Thursday, 26 November 2009

Orphan works legislation on the way

When the Gowers Review recommended that legislative and administrative action be taken to deal with the problem of orphan works - works that appear to be out of copyright but for which no author or copyright owner can be identified - I recall that many practitioners said "what problem?". It seems to me that if you can't identify who to ask for permission to use a copyright work, it's not going to be a work that commands a significant royalty and therefore your exposure is small. That's advice that I think a lot of clients have had from their lawyers over the years - perhaps put aside a contingency fund in case someone appears with a claim for royalties, but it's not likely to come to much.

The British Library evidently thinks otherwise, according to a pretty nonsensical press release on the subject, saying "Orphan Works are a vital stepping stone in the copyright roadmap". It's a sad day when a cultural institution of such importance as the BL produces such a horribly mixed metaphor. And I'd have thought that orphan works were more like roadworks or landslides than stepping stones.

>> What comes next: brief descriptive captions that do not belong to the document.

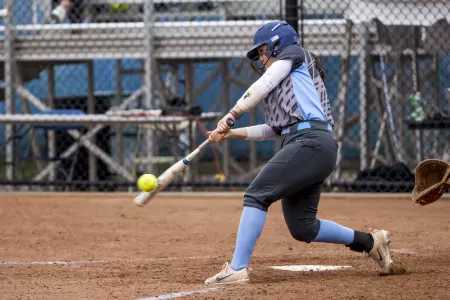 Softball Holds On for 11-10 Walk-Off Win over Fairfield
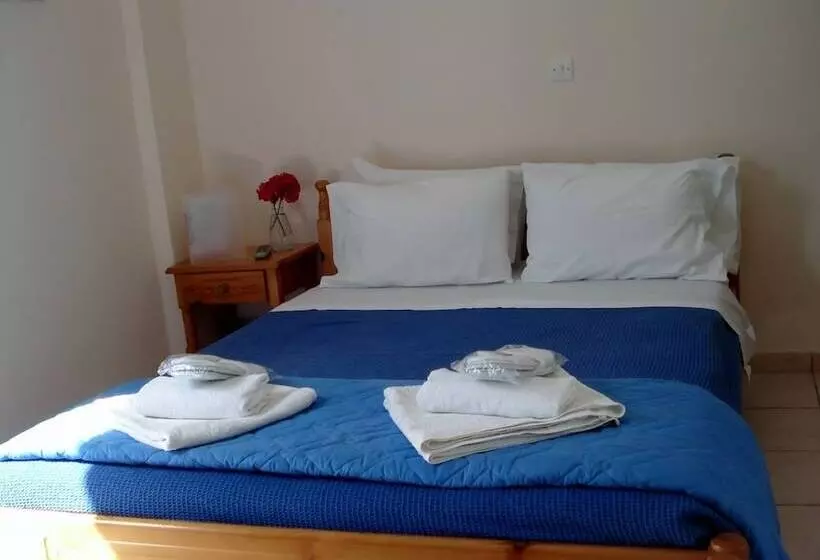 בית מלון כפרי Omega Rooms Anaxos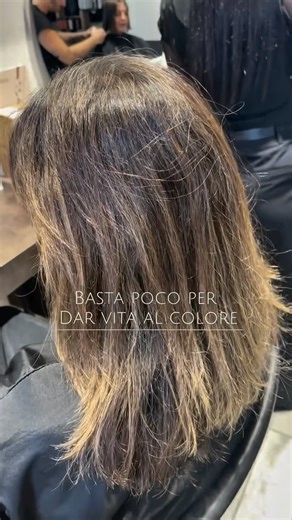 CAB Parrucchieri on Instagram: "Il desiderio della cliente era di ri-donare tridimensionalità al colore: maggiore chiaro scuro e ciocche più luminose✨ Per ottenere questo risultato abbiamo utilizzato i gel color di VIGAL Emily e Cara in radice Ginseng e Splendido splendente sulle lunghezze Se ti piace questo risultato salva il Reel ♥️ 📍Via Mazzini 8/P, Torino 📲393 874 0236 @vigal.hairstation #vigalhairstation#vigaltorino#cabparrucchieri#balayage#capellisani"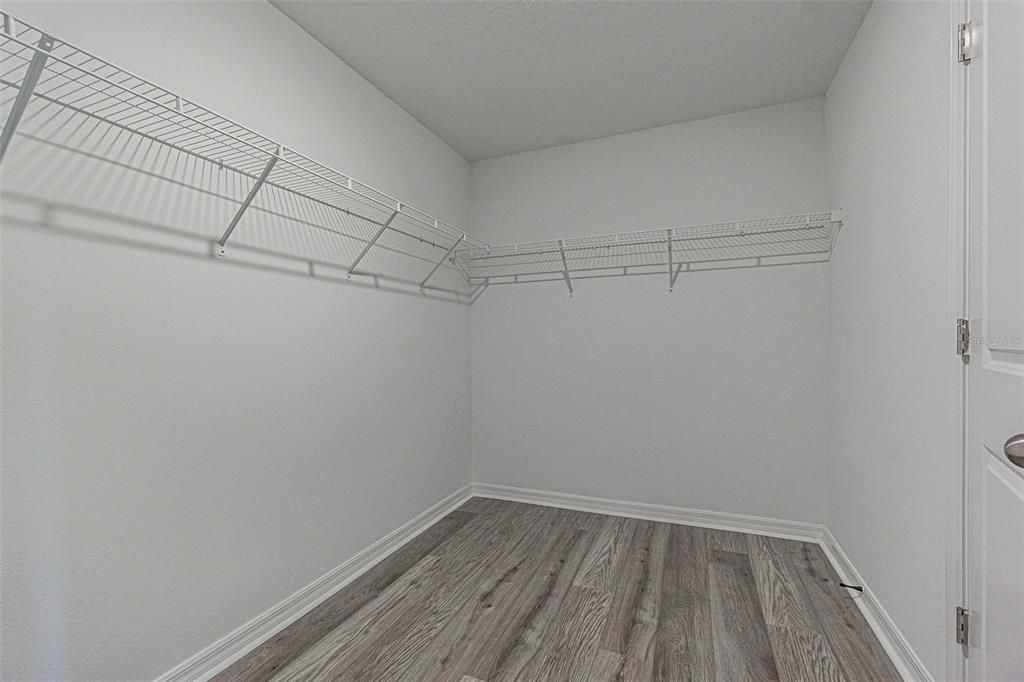En Venta: $309,900 (4 camas, 2 baños, 1936 Pies cuadrados)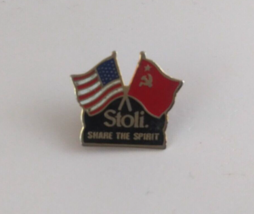 Vintage Stoli Share The Spirit USA &amp; USSR Friendship Flags Lapel Hat Pin - £5.83 GBP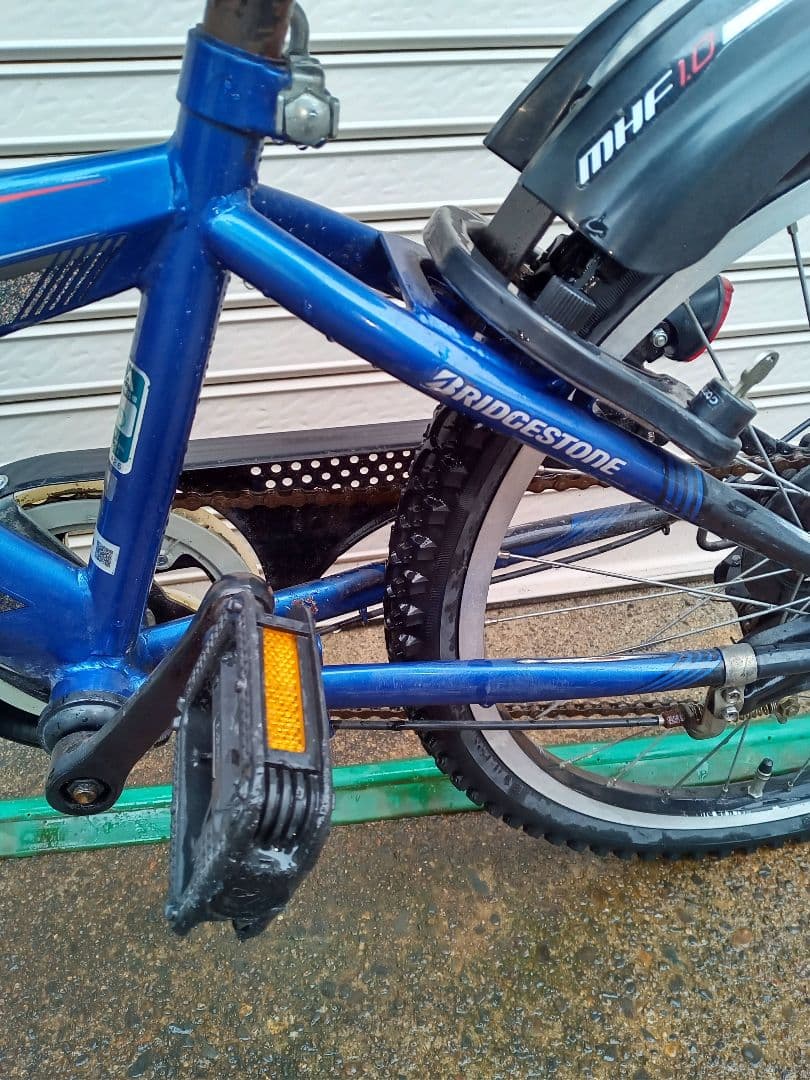 ブリジストン22インチジュニア自転車引取限定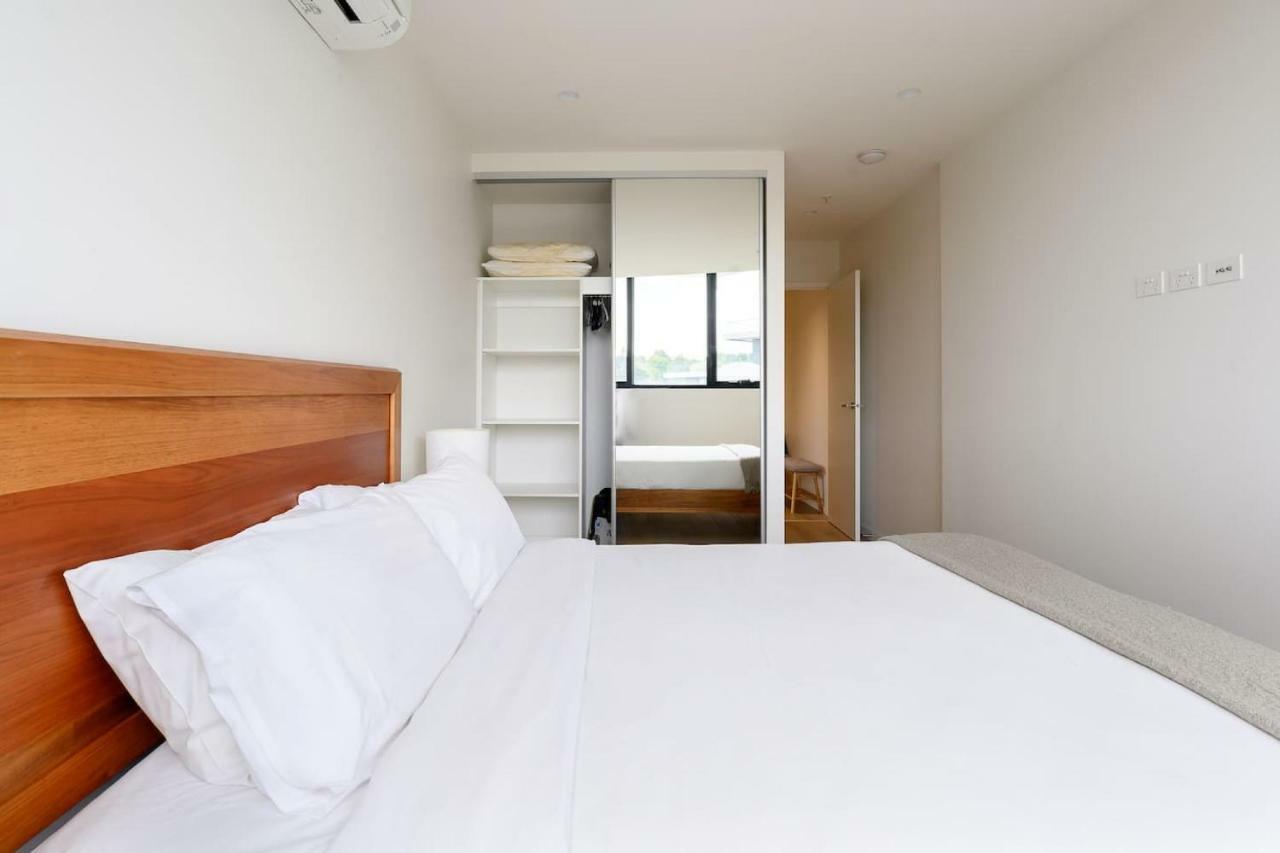 Apartment Sanctuary Resort-style On The Banks Of The Yarra *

The same press release tells us what the BL's Principles on Copyright Law are. One of them states: "Researchers and libraries need to be able to make available 'fair dealing copies' of anything in their collections, including sound and film recordings that Fair Dealing does not currently relate to." Surely the British Library understands that a proposition is a bad thing to end a sentence with? And what do they mean by "Fair Dealing" (the capitalisation makes it seem more important, doesn't it?)? Section 29 is limited in this way in its scope, but section 30 isn't, so this sweeping statement about fair dealing is only partly correct. And section 29, now that not only does study have to be private but also research must be non-commercial, permits very little, begging the question of what on earth a "fair dealing copy" might be. I thought the Act was alredy pretty accommodating when it came to libraries making copies for those purposes, where the library user (I should probably call them a "customer" or "client") gives the prescribed certificate.

Not a development that I will get excited about. Not, at any rate, in a positive way.